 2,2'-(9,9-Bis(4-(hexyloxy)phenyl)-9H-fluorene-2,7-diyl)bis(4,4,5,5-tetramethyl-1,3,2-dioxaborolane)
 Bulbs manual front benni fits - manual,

==

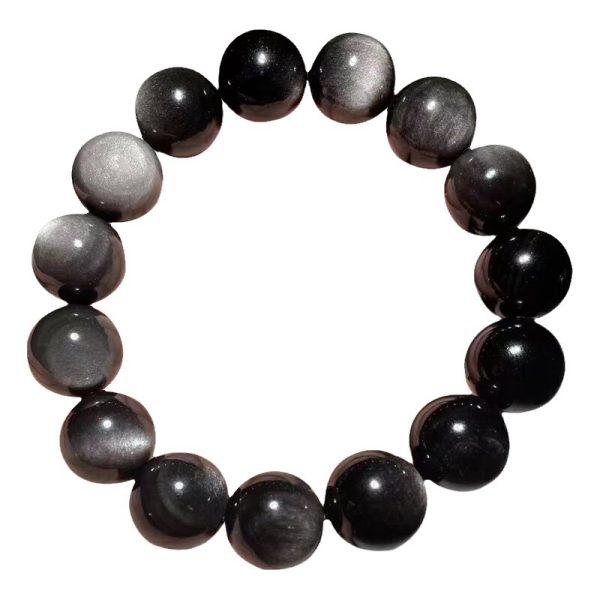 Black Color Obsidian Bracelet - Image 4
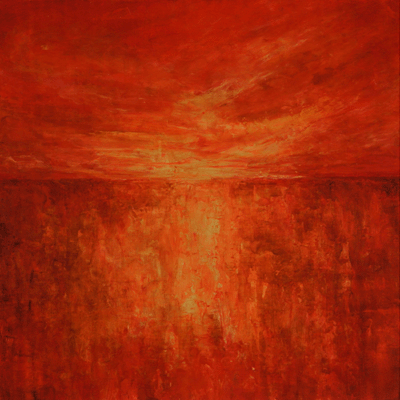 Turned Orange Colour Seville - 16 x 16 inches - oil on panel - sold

THE TASK
Give back, exactly and without pictures, the stretch of the records above from the line containing "Black Color Obsidian Bracelet - Image 4" through the line containing "Turned Orange Colour", with both end lines included.

YOUR RESPONSE
 Black Color Obsidian Bracelet - Image 4
 Turned Orange Colour Seville - 16 x 16 inches - oil on panel - sold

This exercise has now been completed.